I'll take your word for it. GnuC is a very different language than C,
but it is also very similar to C, and this is an example of how it's
similar. I pay attention to both warnings and errors - and I treat a
warning message that is valid the same as a valid error message, so the
fact that it generates warning messages rather than error messages
doesn't matter to me.
> > It's not about writing code in the C language. It's about compiling it
> > as C code. When you use gcc without -std=c90, or c99, or c11, you're
> > not compiling it as C code, regardless of what you were thinking when
> > you wrote it.
>
> And my little test shows it makes no difference. Do you really think
> gnuC is so much more lax about things that matter? Seems silly to add so
No, the key point is not that it's lax, but that it's different.
> many features make the language better, but then say, 'Let's be more
> forgiving than standard C about implicit ints'!
Why? The version you're using implements GnuC90 by default, which shares
with C90 the fact that implicit int was considered perfectly normal. Why
shouldn't it be forgiving of implicit int?
> > Actually, it doesn't - you're unreasonable about what you want to do.
> > Properly written C code does NOT trigger thousands of warnings when
> > using -pedantic.
>
> On my intended platforms, void*, T* and T(*)() pointers can be cast to
> each other and they all share the same 32- or 64-bit representation. So
> here the compiler is being unreasonable. Avoiding casts to/from function
> pointers sees especially fiddly.
>
> How would YOU rewrite a table like this of mixed function pointers:
>
> void *table[] = {malloc, realloc, free, printf, puts};
I'd use void (*)(void), rather than void*, as Ben showed you.
> How would you use such a pointer afterwards for calling it?
> Say, calling the pointer at table[2] knowing that it takes a void* argument.

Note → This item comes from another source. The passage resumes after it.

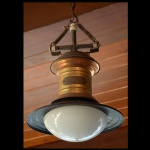 THOMSON-NY-USA - Luminária americana de teto, com bojo cilíndrico em cobre vermelho, sustentando chapéu circular preto centralizando cúpula piriforme em vidro leitoso. Parte superior com coroa dourada encimada por suporte em cruz e corrente. Fabricante: THOMSON Enclosed Arc Lamp - Electric Co. Completo. Possui o suporte da parte de cima original. 55 x 40 cm.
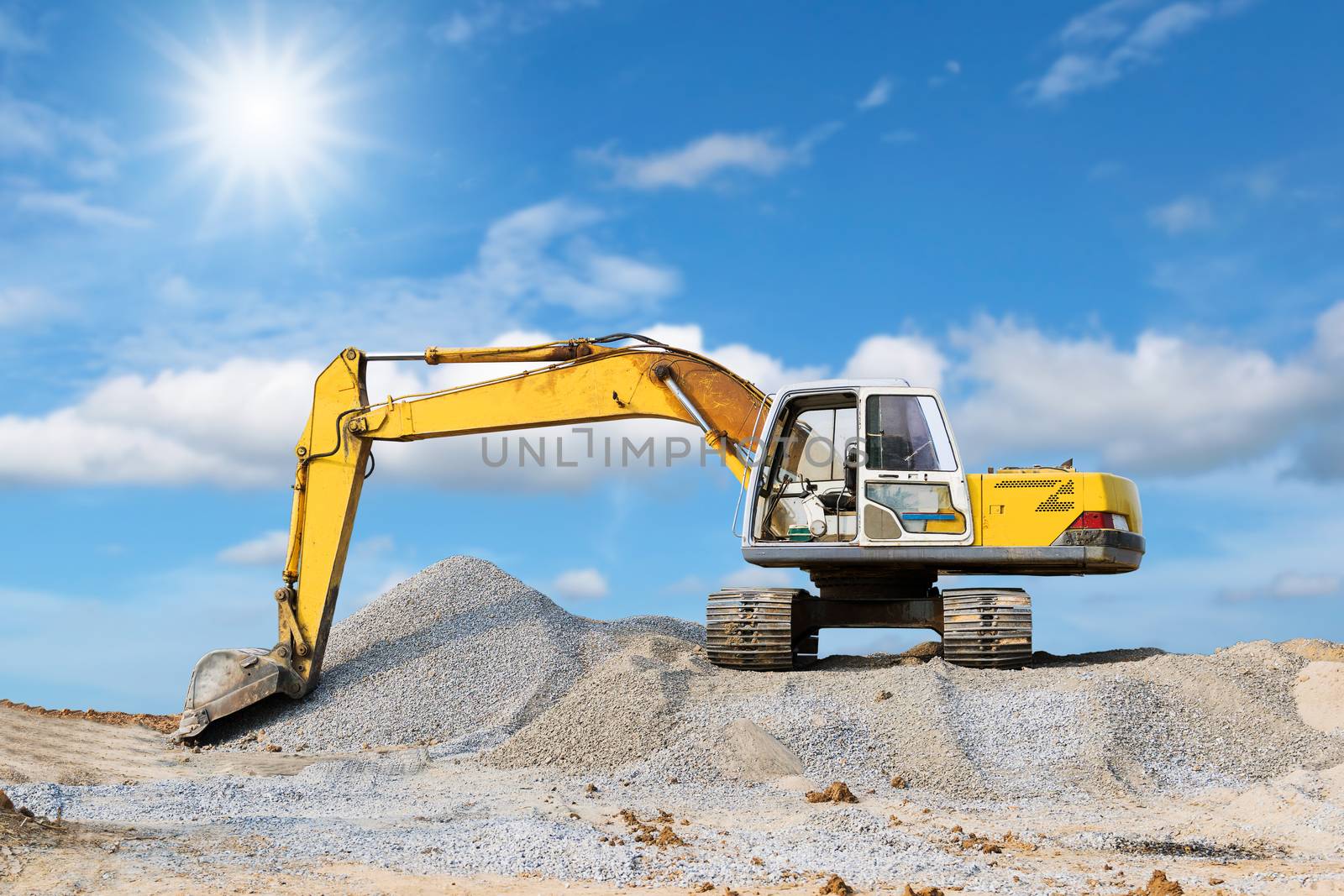 Excavator parked on the mound with sunlight and blue sky background.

(*(void (*)(void*))table[2])(ptr);
That isn't quite correct, however. The truth is, I would never write code
like that. Using a function pointer to call a function when the function
pointer points at is incompatible with the definition of the function is
undefined behavior of the worst kind, so I would not use a generic
function pointer unless I combined it with strong measures to make sure
I kept proper track of the actual type of the function it points at. In
older C code, I would put the function pointer inside a struct, with
another member of the struct devoted to keeping track of the type of the
function pointed at. I would do my best to make sure that the type
identifier was kept synchronized with the pointer. In modern C, I'd use
a _Generic expression in the process of setting the type code. In C++,
I'd use templates for the same purpose.
Now, a lot of the C code you work with is computer generated. If your
code generator makes sure that the second element of the array always
points at a function with the same interface as free(), and if your code
generator makes sure that the second pointer is never used to call a
function in any way other than using that same interface, then it's safe
- because of your code generator, not because the generated code is
itself safe. Since I don't write code generators, but actual source
code, it's vitally important to me that the compiler be able to catch
type errors like that, which would be impossible with your code.
A scheme similar to the one you describe was used by C++ compilers that
generated C code as an intermediate step, for purposes of implementing
virtual function tables. But it is properly done using an array of
function pointers, not object pointers.